Begin your copy at the line with "When there are" in the records below and end it at the line with "The sign-in screen", restating each line word for word; omit the pictures.

* **Supplied entries**:
________________________
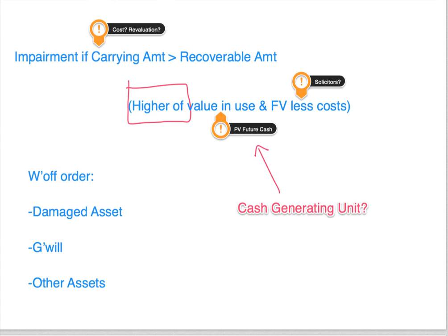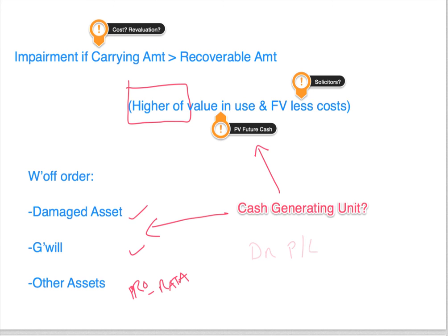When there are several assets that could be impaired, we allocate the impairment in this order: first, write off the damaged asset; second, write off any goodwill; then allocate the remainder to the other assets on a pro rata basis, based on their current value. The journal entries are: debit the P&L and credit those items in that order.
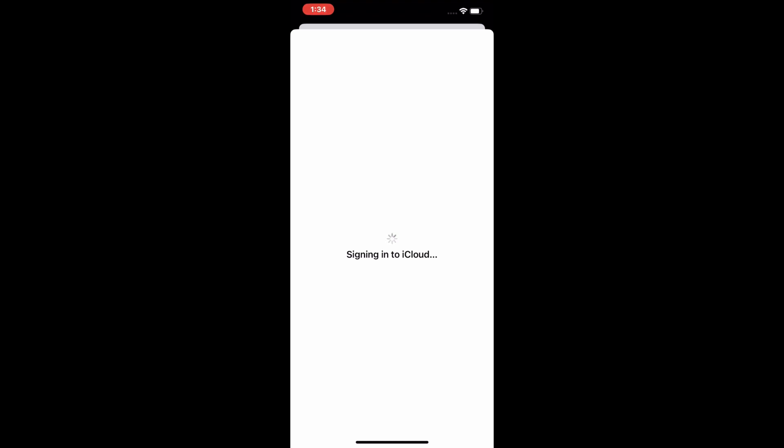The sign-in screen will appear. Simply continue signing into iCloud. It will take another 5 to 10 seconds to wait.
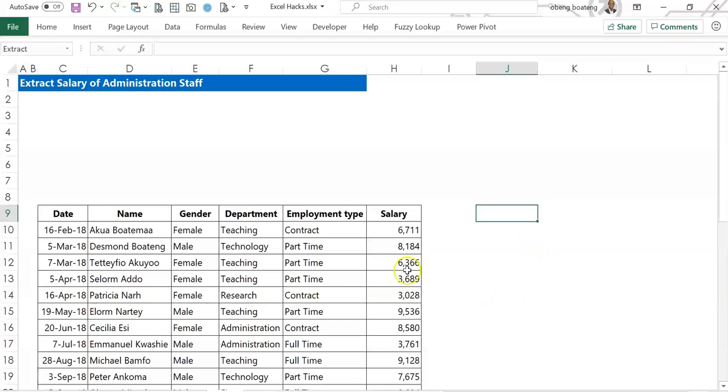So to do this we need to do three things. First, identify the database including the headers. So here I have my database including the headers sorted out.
________________________
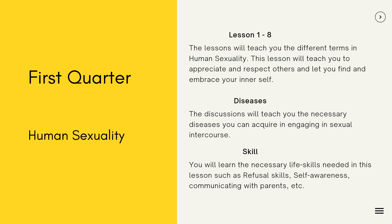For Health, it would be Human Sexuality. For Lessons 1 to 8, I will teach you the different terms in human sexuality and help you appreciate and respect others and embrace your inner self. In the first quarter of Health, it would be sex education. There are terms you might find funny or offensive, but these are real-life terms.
________________________
* **Answer section**:
When there are several assets that could be impaired, we allocate the impairment in this order: first, write off the damaged asset; second, write off any goodwill; then allocate the remainder to the other assets on a pro rata basis, based on their current value. The journal entries are: debit the P&L and credit those items in that order.
The sign-in screen will appear. Simply continue signing into iCloud. It will take another 5 to 10 seconds to wait.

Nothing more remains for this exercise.